西武鉄道は30年度までに全車両をVVVF化したい。差し当たりVVVF車両が100両欲しい。しかし都合よく100両も引退させる鉄道事業者はない。東急電鉄にしても、西武鉄道向けの引退車両捻出するために新造車両を余計につくる余裕はない。だから複数の鉄道事業者を当たり、塗装車両でありながらVVVF車両の小田急8000形を選んだ。

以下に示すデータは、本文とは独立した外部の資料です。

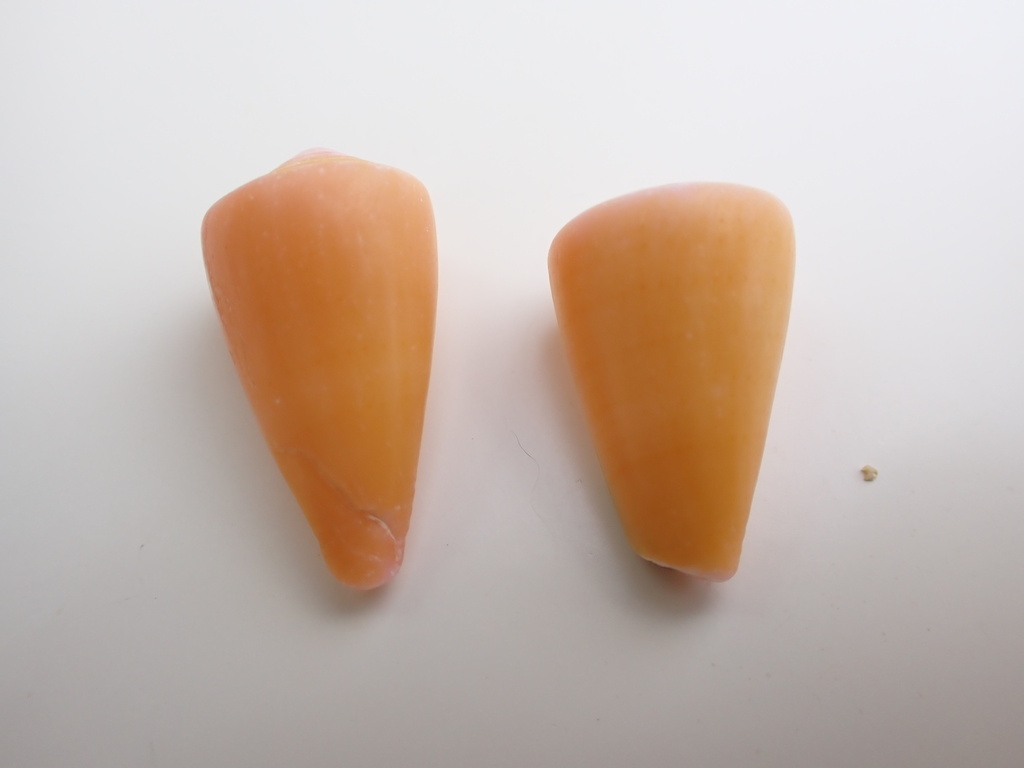 Carrot Cone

東急電鉄も小田急電鉄も早期からVVVFを用いて省電力化を進めている。いまや古いVVVF車両を新しいVVVF車両で更新する段階に入った。しかし西武鉄道ではまだ古い方式が残っている。23年3月31日現在、界磁チョッパ制御の2000系電車は328両、抵抗制御の101系電車は28両、合わせて356両も残っている。電力消費が多い、イコールCO2排出量が多いわけで、これをいち早くなんとかしたいわけだ。サステナ車両を100両導入すると、年間でCO2を約5700トンも削減できる。これは約2000世帯の排出量に相当するという。
西武鉄道は、これらの古い車両を主に支線で運用している。そこで、新宿線や池袋線の幹線に新造車両40000系を増備し、支線やローカル線にサステナ車両を充当する。古い車両でよいのかといえば、よいのだ。サステナ車両も寿命を迎え、いよいよ廃車となる頃には、新宿線や池袋線からちょうどいい自社の中古車両が降りてくるだろう。しかし、それを待たずに支線にもVVVF車を導入したい。だからサステナ車両である。自社の中古の出物があるまでサステナ車両を受け入れるかもしれない。
ちなみに、新造車両を100両つくった場合は、製造時に約9400トンのCO2を排出する。東急電鉄と小田急電鉄は車両廃棄時に合計約70トンのCO2を排出する。サステナ車両の導入でこれらのCO2排出を削減できる。